Il y a un autre segment de la réflexion des plus importants qui est l'élève. Que dites-vous sur ce point précis ?

Pour l'élève, on peut dire en gros qu'il y a le temps scolaire, le temps social et le temps familial. Il faut trouver une adéquation entre les trois temps et nous devons tous nous y mettre, y compris les médias. La télévision par exemple a un rôle important à jouer dans la socialisation de l'enfant, tant dans les horaires des émissions que par la qualité des programmes. L'école de son côté doit gérer les programmes qui doivent être aérés et permettre aux élèves de bien profiter de la journée. Il y a une question d'équilibre à trouver en adéquation avec l'emploi du temps des enseignants qui évite les temps perdus ou le trop-plein qui alourdit l'élève. L'école doit également faire en sorte que lorsque l'élève entre en classe, il n'en sorte que pour aller chez lui. Cela permettrait d'éviter les risques d'exploitation des enfants ou des dérives.
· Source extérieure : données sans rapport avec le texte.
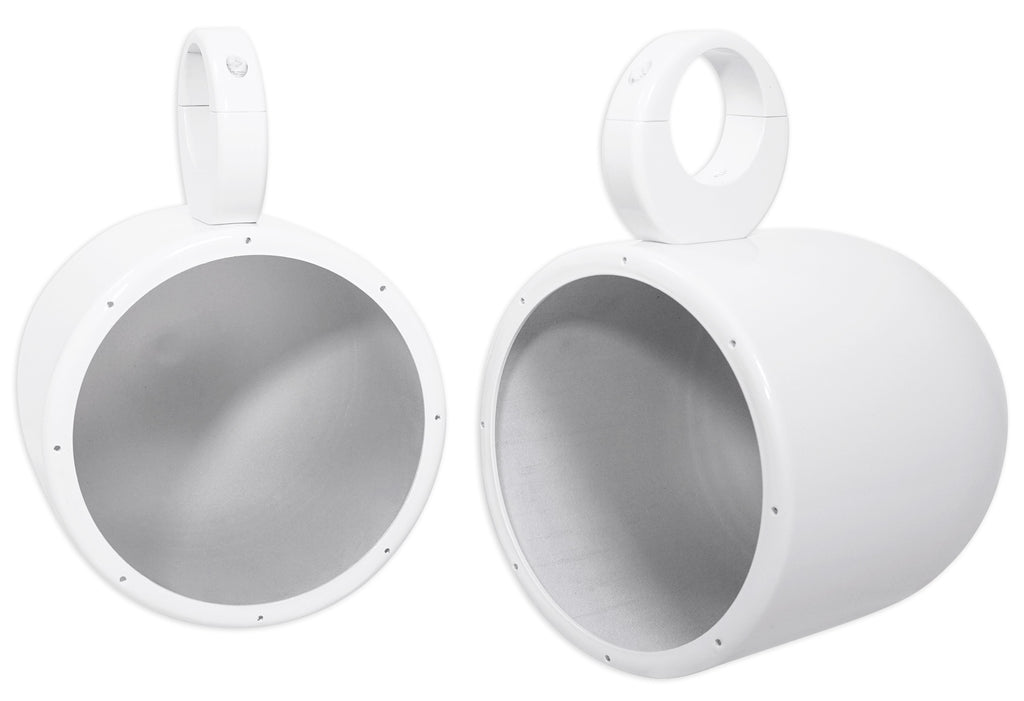 White Aluminum Wakeboard Tower Speaker Pods with Covers J50620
Un mot sur le dernier segment du politique…

Celui-ci est fondamental. Tout éducateur, qui a cœur l'éducation, ne peut occulter la place du politique. Pour cette question de gestion du temps, nous avons des doctorants qui ont travaillé sur la question et qui nous fournissent des connaissances. Le politique doit être à l'écoute de la science. Il y a va de notre ancrage dans la société de la connaissance qui exige rationalité et efficacité. Il y a d'autre part des expériences de terrain dont il faut tenir compte.
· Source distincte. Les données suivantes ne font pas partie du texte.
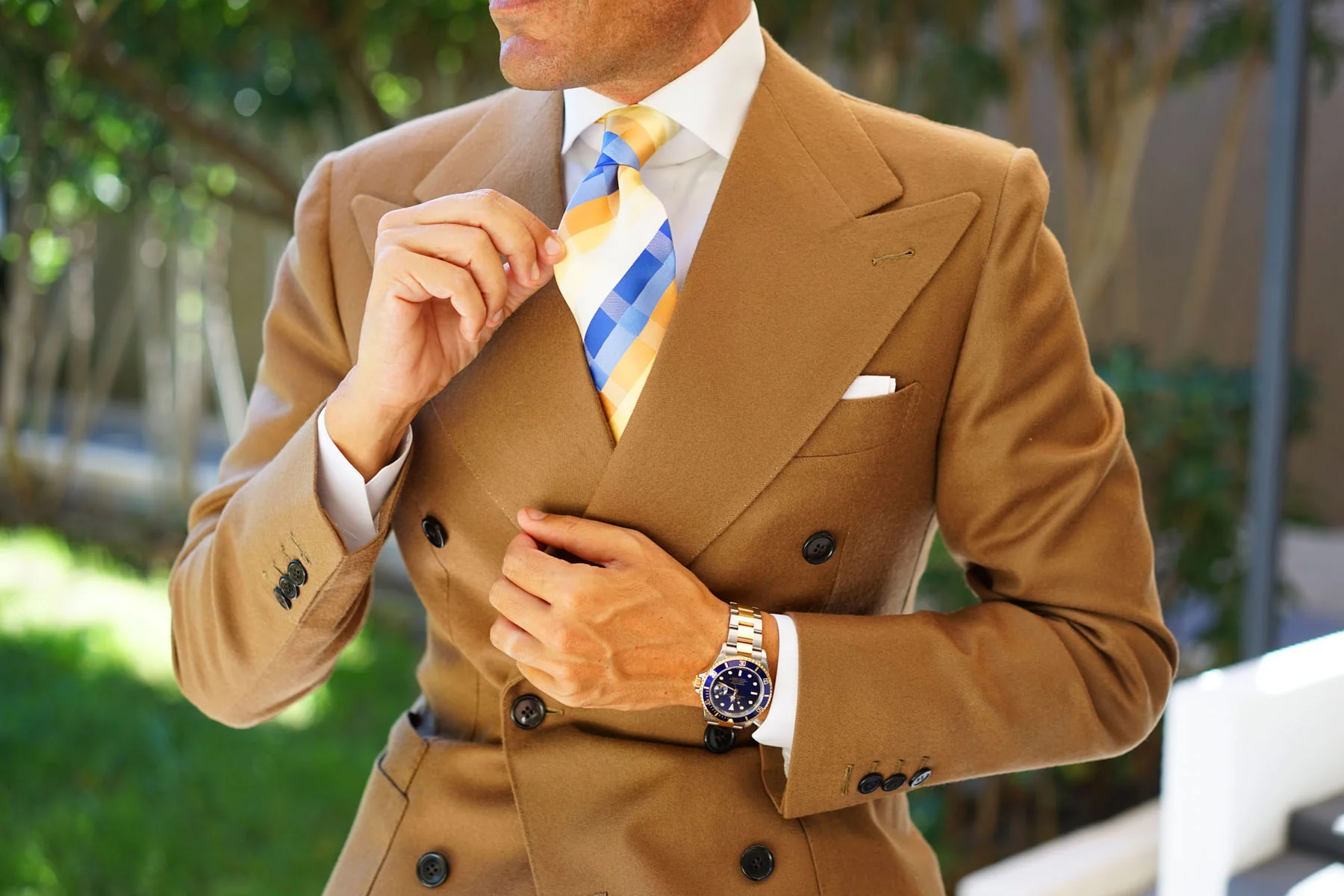 Sandy Checkered Necktie - Image 8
Quel regard portez-vous sur la crise de l'enseignement ?

Je vais m'expliquer par une sorte de métaphore. L'école marocaine est une maison en verre. Les gens qui y travaillent à l'intérieur jettent des cailloux comme ceux qui sont à l'extérieur qui jettent aussi des cailloux. Cette maison reçoit des cailloux de l'intérieur et de l'extérieur. Il faut prendre du recul pour réfléchir sur le rôle de l'école, à ce qu'elle a produit et à ce qu'elle doit produire pour répondre notamment au défi de l'emploi. Les résultats du bac ont avoisiné cette année les 38%. Le taux est faible car il y a des élèves studieux qui ont travaillé toute l'année et qui n'ont pas réussi. On ne peut pas dire que l'école a failli, car elle forme relativement bien, avec parfois des enseignants performants comme en témoignent les élèves qui, une fois mis dans des systèmes à l'étranger, réussissent très bien leurs cursus. Il n'y a pas de système éducatif parfait mais une crise de confiance qu'il faut transcender. Dans la recherche de solutions, le privé (écoles et entreprises) doit participer à l'évolution. D'autre part, il ne faut pas oublier que l'enseignant doit donner le maximum pour son métier, ce pour quoi la société le paie. Le syndicat et le politique doivent bien sûr jouer le rôle mais il ne faut pas qu'il y ait un mélange des genres. En tant qu'enseignant, j'ai la responsabilité de remplir mon rôle en défendant l'intérêt de l'élève avant tout.

Comment faire pour reprendre confiance, remobiliser les enseignants ?

Lorsqu'une décision est prise, il faut la mettre en œuvre. Il faut être pragmatique, les discours ne suffisent plus. Il faut concrétiser les décisions. Il faut le cycle de réflexions, la décision et l'action; tout cela doit être pris dans l'intérêt de l'élève et du pays.
Le ministère est en train de travailler sur un plan d'urgence.
Si on cible les problèmes les plus pressants et si on trouve les actions concrètes sur le terrain, cela donne matière à espérance et donc à une mobilisation du corps des enseignants.